DETAILED ACTION
The Office Action is sent in response to Applicant’s Communication received on 07/03/2022 and 08/08/2022 for application number 17/810,603. The Office hereby acknowledges receipt of the following and placed of record in file: Specification, Abstract, Oath/declaration, IDS, and Claims.
Examiner notes that claims 14 and 15 has been cancelled, see Applicant response to Pre-Exam Formalities Notice on 08/08/2022, and on 03/28/2023, with respect to the Fee worksheet.
Notice of Pre-AIA or AIA Status
The present application, filed on or after March 16, 2013, is being examined under the first inventor to file provisions of the AIA .
Specification
The abstract of the disclosure is objected to because of the use of Legal phraseology. The abstract refers to “said expression” at line 5. A corrected abstract of the disclosure is required and must be presented on a separate sheet, apart from any other text. See MPEP § 608.01(b).
Applicant is reminded of the proper language and format for an abstract of the disclosure.
The abstract should be in narrative form and generally limited to a single paragraph on a separate sheet within the range of 50 to 150 words in length. The abstract should describe the disclosure sufficiently to assist readers in deciding whether there is a need for consulting the full patent text for details.
The language should be clear and concise and should not repeat information given in the title. It should avoid using phrases which can be implied, such as, “The disclosure concerns,” “The disclosure defined by this invention,” “The disclosure describes,” etc.
Claim Objections
Claims 1, 4, 6, 8, 10, 11, 12, and 13 objected to because of the use of numerals within the parentheses. In claims, numbers within parentheses are only allowed for reference characters. Applicant’s claims use the numbers in parentheses to identify equations in the Specification. See MPEP 608.01(m). Examiner suggests looking at the Draft Amendment attached to this Office Action, wherein for at least claim 1, Examiner suggests amending ”of equ.(6) by using one of the expressions of equ.(32), equ.(38) or (41)” should read as “of equation 6, of the specification, by using one of the equations 32, 38, or 41, of the specification”. Appropriate correction is required.

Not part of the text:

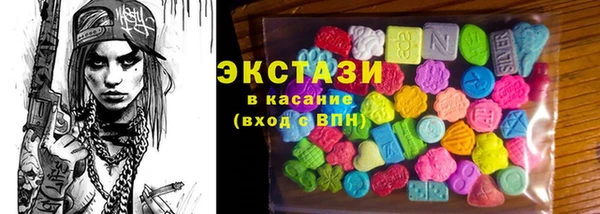 сатива Алексин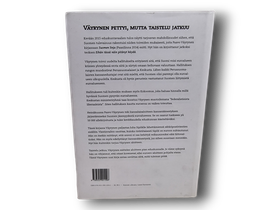 Kirja (Eihän Tässä Näin Pitänyt Käydä - Paavo Väyrynen)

Claim Rejections - 35 USC § 112
The following is a quotation of 35 U.S.C. 112(b):
(b) CONCLUSION.—The specification shall conclude with one or more claims particularly pointing out and distinctly claiming the subject matter which the inventor or a joint inventor regards as the invention.
The following is a quotation of 35 U.S.C. 112 (pre-AIA ), second paragraph:
The specification shall conclude with one or more claims particularly pointing out and distinctly claiming the subject matter which the applicant regards as his invention.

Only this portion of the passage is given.